The project must include these characteristics:

  1. Problem context which is business focused. As this course is a foundational course for the business analytics program, datasets related to pure science or toy problems like the Titanic should not be used.
  2. The dataset must be adequately complex to provide an interesting learning experience for the student and the class.
  3. The dataset must have a predictive objective (not just visualization) that should be clear at the outset of the process.

Deliverables

The overall deliverable will be a report which explains all of the relevant componets of the CRISP model for the identified dataset. The report should have the sections below. Where relevant, specific code should be shown in a blog-like fashion which describes the code used, its function, and where appropriate includes outcomes.

  1. Introduction of problem and context. This section should provide an overview of context as well as the nature of the prediction problem.
  2. Data description and initial processing.

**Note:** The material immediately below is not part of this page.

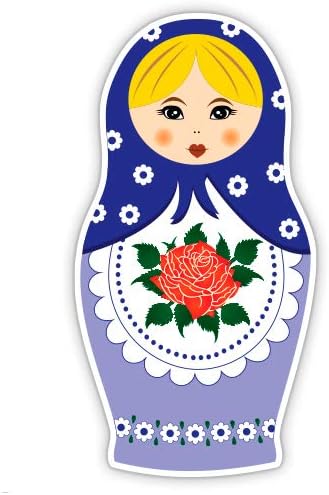 GT Graphics Express Blue Matryoshka Doll - Vinyl Sticker Waterproof Decal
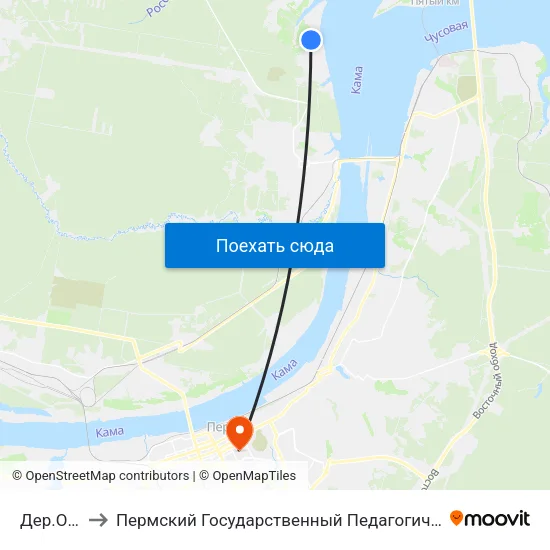 Дер.Одино to Пермский Государственный Педагогический Университет map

This section should provide a detailed overview of the data and provide initial characterization of basic staticstics, creation of simple visualizations, and describe any processes completed to clean/transform the data for processes.
  3. Modeling. Describe the techniques utilized to model the data, providing adequate background. Several models should be tried (minimum of 3) so that they can be evaluated relative to one another.
  4. Evaluation. Results of modeling should be clearly presented in a table for evaluation. Evaluate the relative predictive outcome of each modeling effort using appropriate evaluation matrics.
  5. Summary. Provide a short summary of techniques learned.
  6. Appendix Provide executable code in either R or Python.

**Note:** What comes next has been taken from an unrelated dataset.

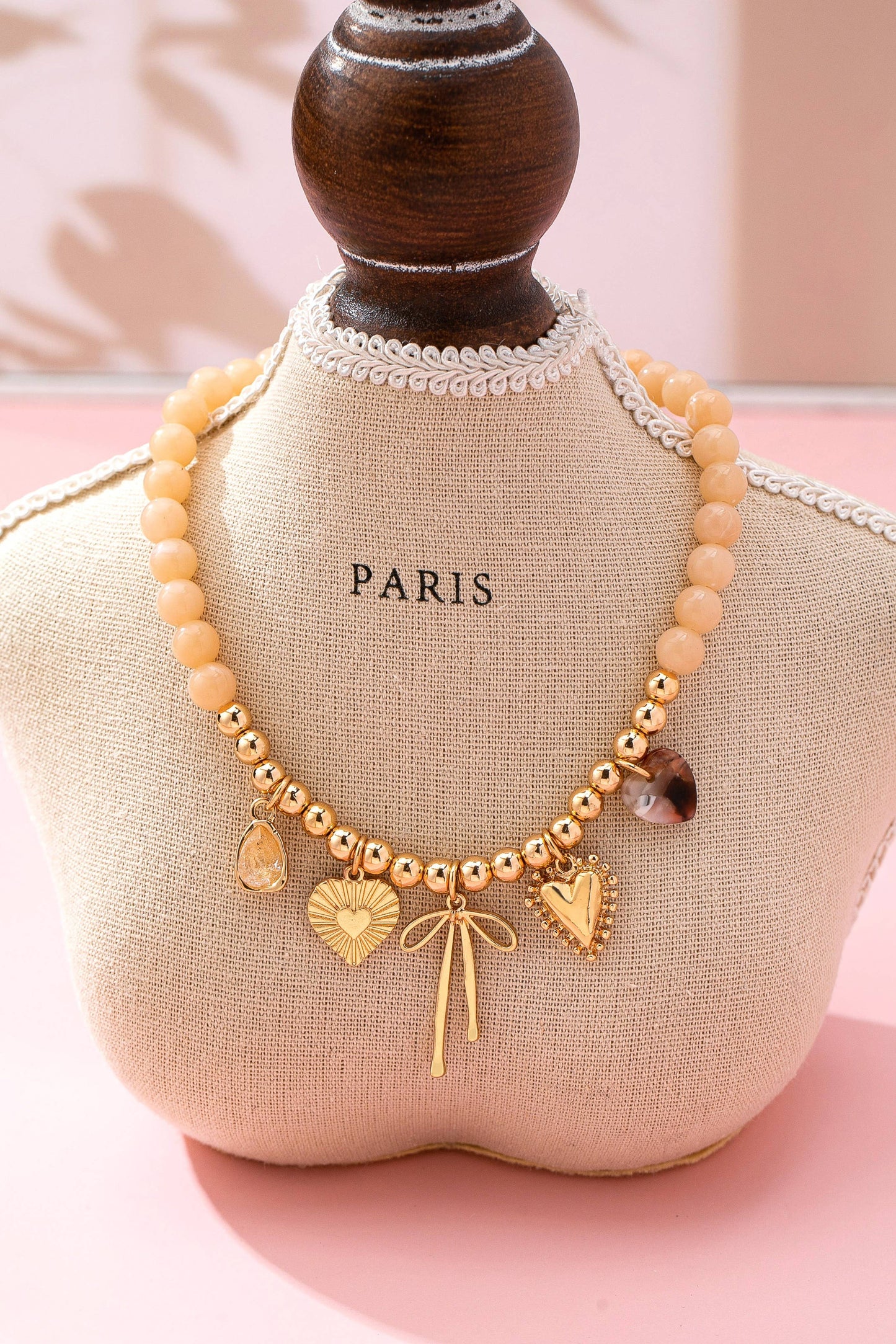 Beige Beaded Bow Heart Rhinestone Charm Necklace | 80N92689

Project Evaluation Metrics.

The description below descripes an ideal project. Projects will be evaluated subjectively by the instructor according to this rubric.

  • Formatting (10 points). The student presented the report in a format that indicated professionalism and care in the organization, writing, and presentation of the overall report.

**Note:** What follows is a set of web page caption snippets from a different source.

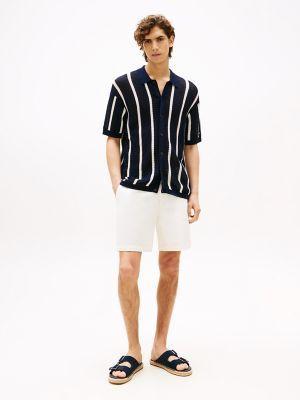 Short-Sleeve Stripe Open-Knit Overshirt Product Image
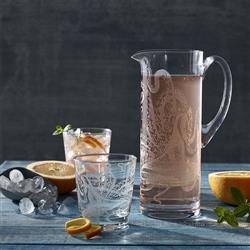 Lucy Coastal Beach Clear Glass Pitcher|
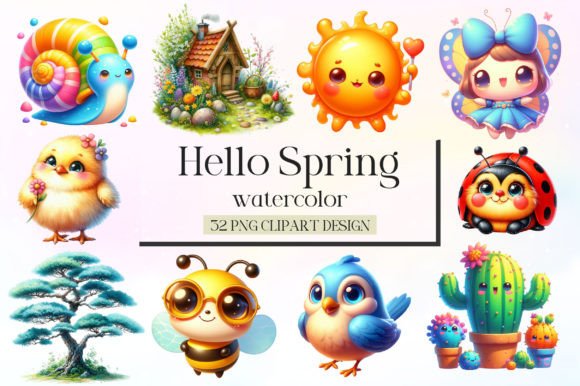Download Hello Spring Sublimation Clipart Bundle - Art Collection
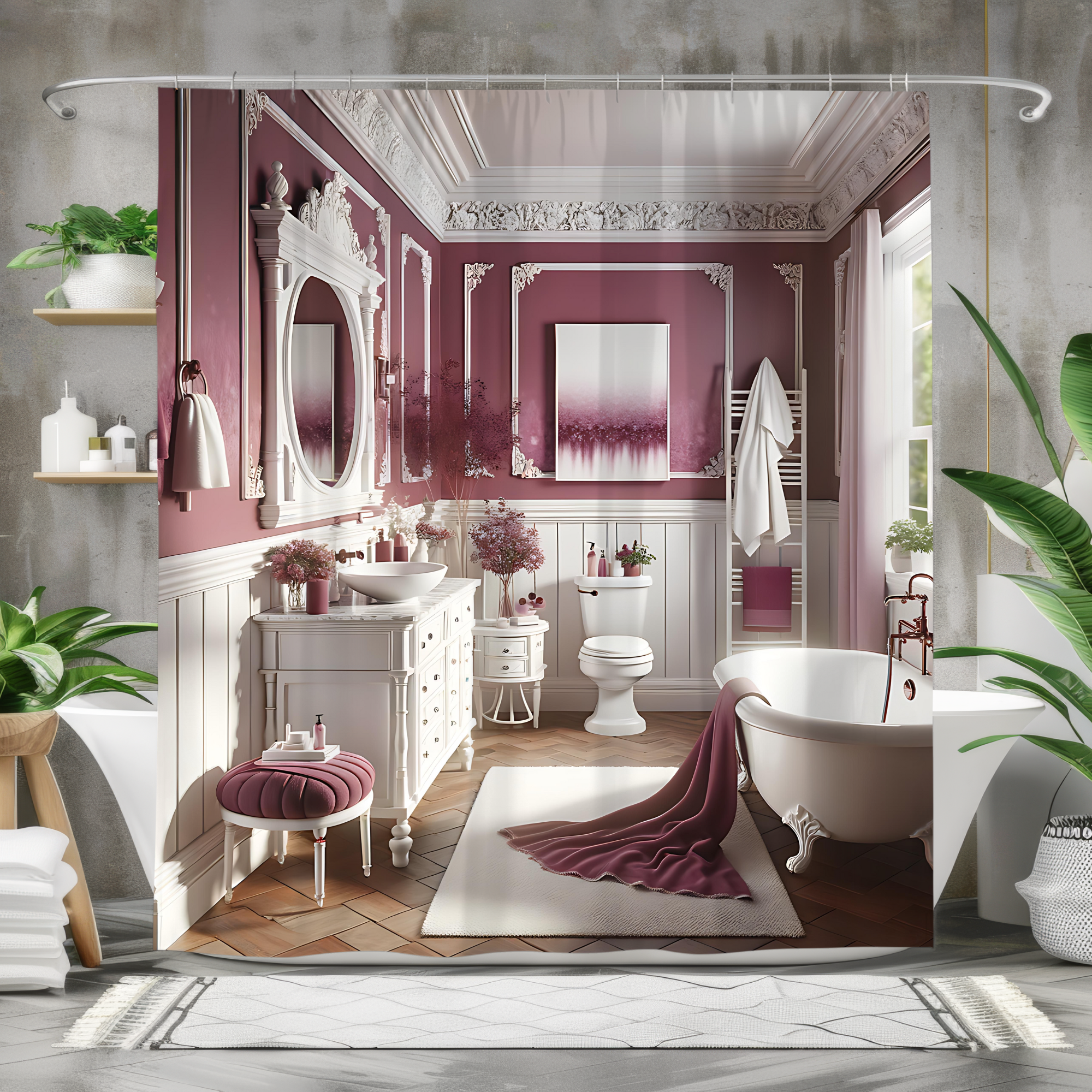 Plum Victorian Bath – Clawfoot Tub Shower Curtain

  • Introduction of problem and context (15 points). The student was able to present the problem and context in a way that is rich and interesting, incorportating relevant outside resources with adequate citations. They demonstrated a great understanding of the problem context and of the specific modeling problem itself.

  • Data description and initial processing.(15 points). The student was able to clearly present an overall picture of the data. This includes basic structure field by field descriptions as well as visualization and basic statistics. Where necessary they have adequately used techiques for cleaning the data.

  • Modeling (15 points). The paper indicates was able to generate different models which were described in a series of blog-like posts. The predictive po, submitted to Kaggle, and compared.

  • Evaluation and Summary (15 points). The predictive characteristcs of the different models are clearly compared in a table with appropriate conclusions.

  • Code (10 points). The appendix contained well organized and documented code.

  • Presentation (20 points). The context, data, modeling, and conclusions are clearly described in a 5-7 minute presentation. Slides are clear and readable. Content is customized for slides not just copied from the report. Presentation is clear and understandable.

Project Schedule

  1. 28-Sept (or before). A 1 page proposal due. This should include a very short description of the context, data, and the goal of the modeling. This is ungraded but can be incorporated into final report.
  2. 26-Oct (or before). Manditory 1st check-in with instructor/TA.
  3. 16-Nov (or before). Manditory 2nd check-in with instructor/TA.
  4. 5-Dec (or before). Final project presentations.
  5. 7-Dec (or before). Final reports.


Creative Commons License
This work is licensed under a Creative Commons Attribution 4.0 International License.


Tutorial Assignment

There are so many different things to learn related to data science. For this assignment you are required to select some interesting component that can be presented clearly to the class in less than 5 minutes and using 1 Jupyter Notebook or blog post.